First, Officer Pepper testified as to the veracity and reliability of the "CI" by relating how the "CI" had made controlled purchases for Officer Pepper, and had provided reliable information on three prior occasions. In this case, Officer Pepper was told that a black male would be getting off the bus prior to 9:00 A.M. The basis of this information, according to the "CI", was the defendant himself. When Officer Pepper began the surveillance, he observed one black male, who was picked up by the defendant, get off the bus. Not only did Officer Pepper have probable cause to stop the defendant based upon the totality of the circumstances, this information would have been satisfactory under the Aguilar-Spinelli test. This assignment of error lacks merit.

Argument # 2
Assignment of Error Number 3

The District Court erred, as a matter of law, in allowing evidence outside the scope of the opening statement.

Assignment of Error Number 8

The District Court erred, as a matter of law, in allowing a statement made by the defendant, without the State of Louisiana having given notice prior to the opening statement of its intent to utilize such statement.

Assignment of Error Number 11

The District Court erred, as a matter of law, in allowing defendant's statement to be introduced into evidence without a proper foundation.

La.C.Cr.P. Art. 766 provides:

The opening statement of the state shall explain the nature of the charge, and set forth, in general terms, the nature of the evidence by which the state expects to prove the charge.

La.C.Cr.P. Art. 767 provides:

The state shall not, in the opening statement, advert in any way to a confession or inculpatory statement made by the defendant.

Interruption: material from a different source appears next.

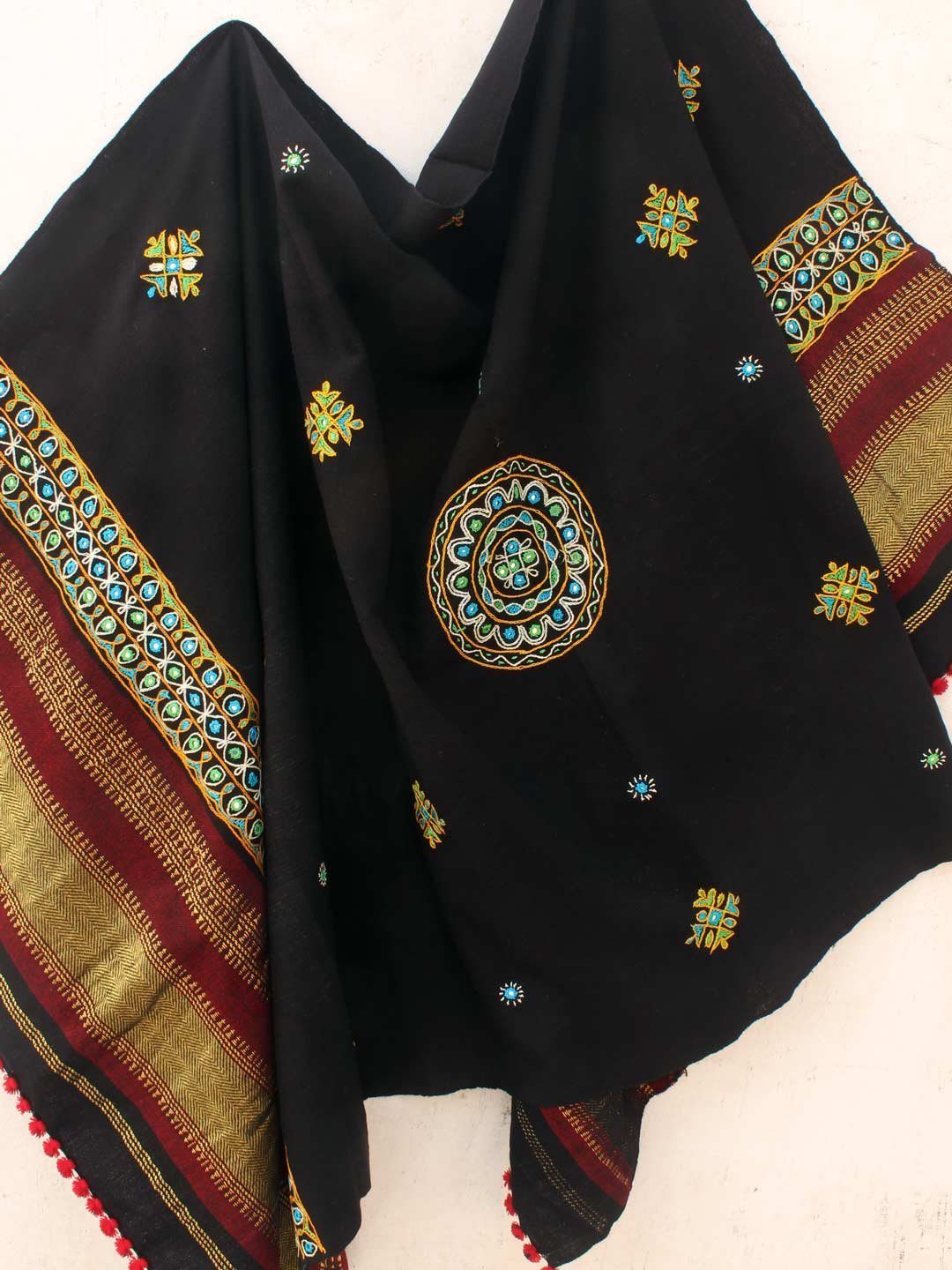 Black-Kutch-Ahir-embroidered-woolen-shawl.jpg Black Kutch Ahir Handembroidered Shawl - Image 1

La.C.Cr.P. Art. 768 provides:

Unless the defendant has been granted pretrial discovery, if the state intends to introduce a confession or inculpatory statement in evidence, it shall so advise the defendant in writing prior to beginning the state's opening statement. If it fails to do so a confession or inculpatory statement shall not be admissible in evidence.

La.Cr.Cr.P. Art. 769 provides:

Evidence not fairly within the scope of the opening statement of the state shall not be admitted in evidence.

If the state offers evidence that was inadvertently and in good faith omitted from the opening statement, the court, in its discretion may admit the evidence if it finds that the defendant is not taken by surprise or prejudiced in the preparation of his defense.

Defendant's complaint is that it was error to admit his inculpatory statements because they were not mentioned in the opening argument. He then goes on to claim that it would violate Art. 767 to advert to those statements in opening...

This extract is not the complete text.